Tony coughed from the smoke tainted air, and he massaged a tearing eye. The music was absent; in its place, human voices cried out, wailed, shouted, screamed, singly and in small groups. Their rhythms were random, the volume nowhere near as high as in the club’s dancing area. Other noises mingled with the voices; metal grinding on metal, chains rattling, water splashing, the hiss of escaping gases, the soft thump of crashing bodies, wood splintering. Or bone. The sounds chilled him, though the cavern was hot and stuffy.
A few people ran past him, their naked feet slapping on the concrete floor. They faded quickly into the gloom, but he had seen enough to know none of them had been Lisa. Tony began trotting to the nearest fire.

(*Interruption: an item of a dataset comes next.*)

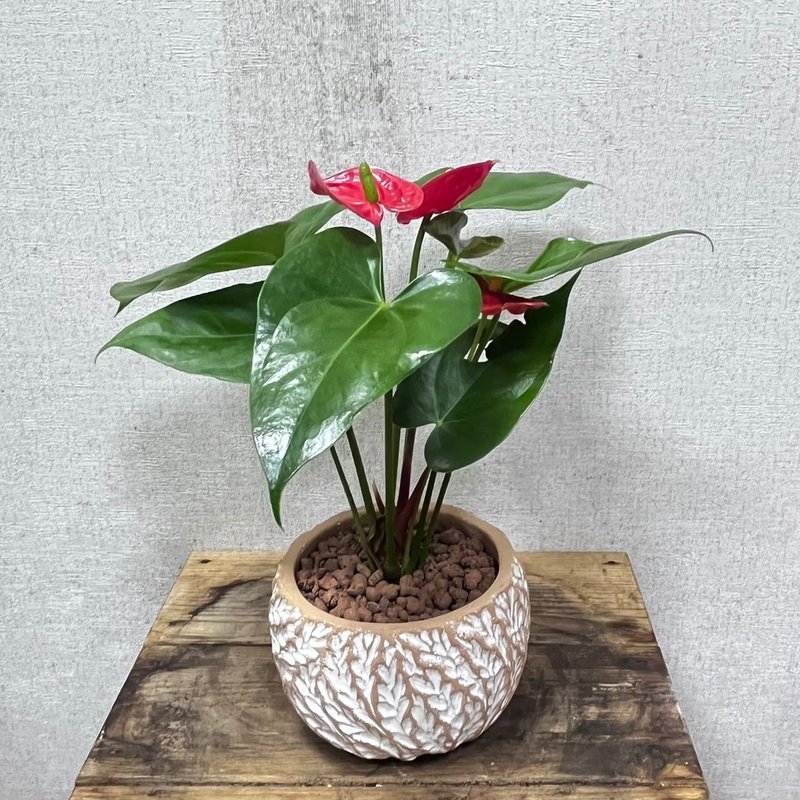 火鹤花 - 植栽/盆栽 - 水泥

He had almost reached the flames when he became aware of someone running alongside of him. Startled, he turned, anticipating seeing Lisa.
The tall, thin man was naked, and his long, white hair trailed behind him as he kept pace with Tony. His face was bony, beardless, and his eyes were black in the dim, flickering light. He smiled, acknowledging his discovery. “I never had the chance to show you the back rooms,” the man said, and his smile broadened. “You and Lisa hit it off so fast the first time you came here.”
It wasn’t Guy. Guy was dead. The toothy smile was his, as was the jutting jaw and the body that had been flesh draped over bones even before AIDS claimed it. The man’s voice sounded like Guy’s, sarcastic and dry, on the edge of a caustic observation. But it couldn’t be Guy. The cavern spun once around Tony, and he nearly fell.
Tony stopped beyond the fire’s inner circle of light, and the man coasted to a stop a few steps later. They faced each other, the man putting his hands on his hips. Through his body, Tony could see the flames jump as if through a translucent curtain.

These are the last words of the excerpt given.